→ **DATA**:
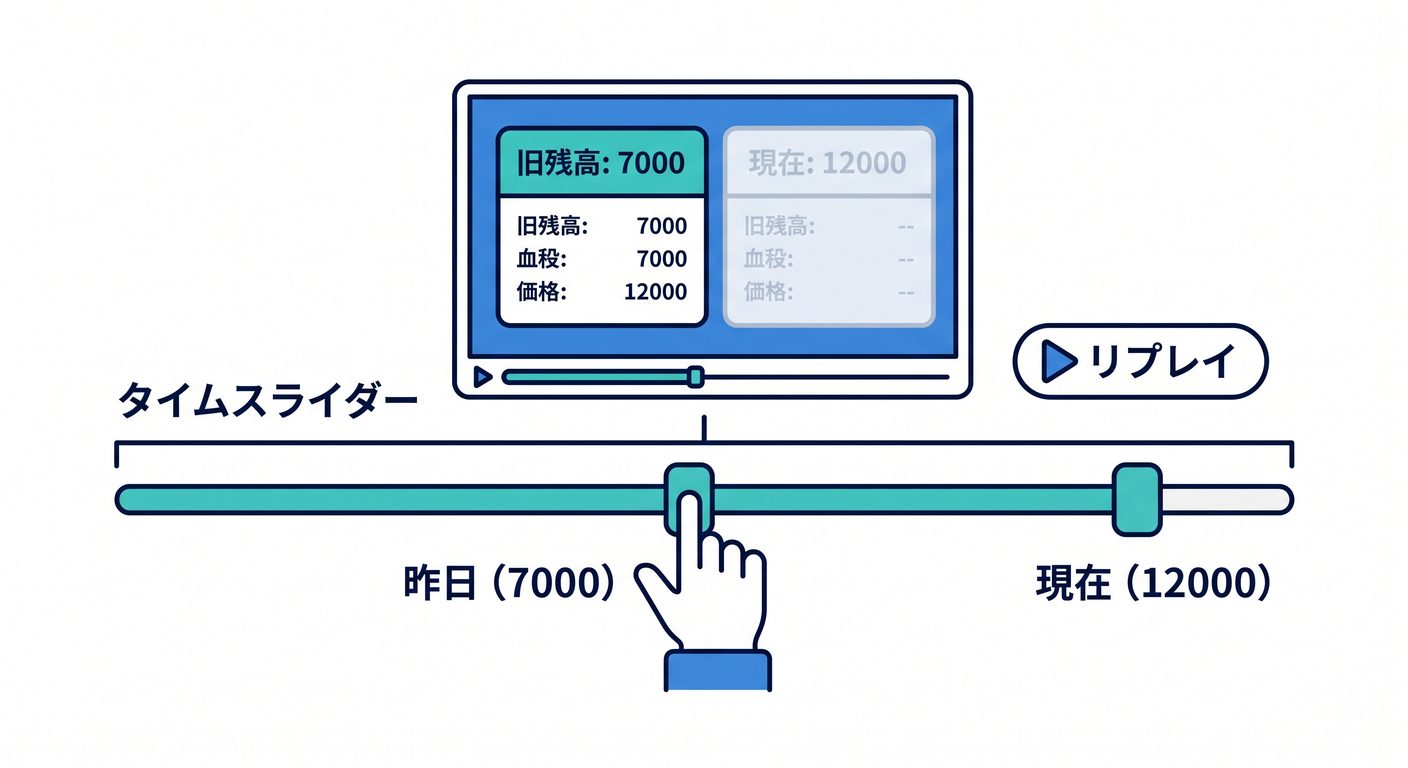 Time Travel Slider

--

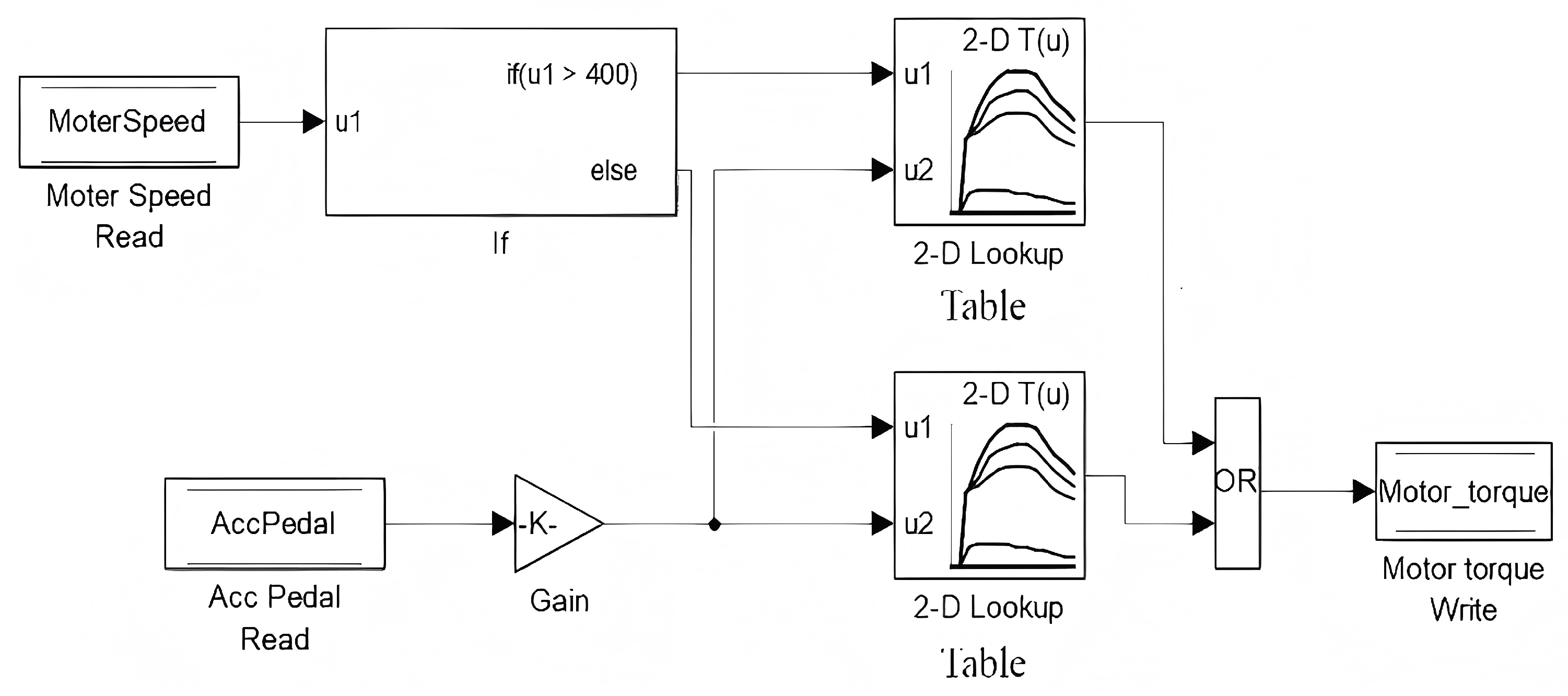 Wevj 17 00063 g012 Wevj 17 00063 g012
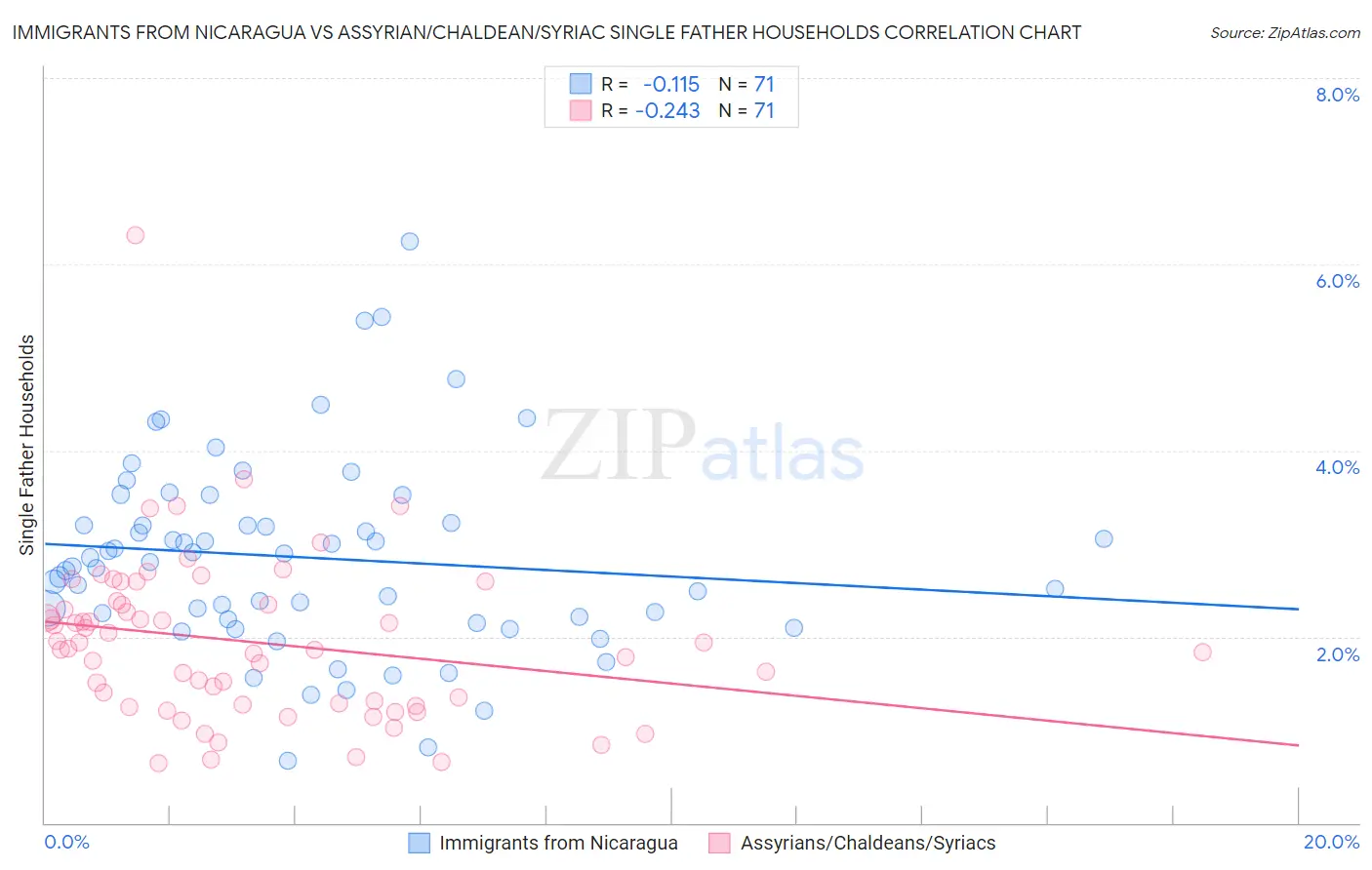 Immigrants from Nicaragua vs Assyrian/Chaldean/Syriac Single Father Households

→ **WHAT YOU SHOULD DO**: In the entries above, find the line that contains "Wevj 17 00063 g012 Wevj 17 00063 g012" and the line that contains "Immigrants from Nicaragua". Reproduce exactly those two lines and every line between them, but not the pictures.

→ **RESPONSE BELOW**:
 Wevj 17 00063 g012 Wevj 17 00063 g012
 Immigrants from Nicaragua vs Assyrian/Chaldean/Syriac Single Father Households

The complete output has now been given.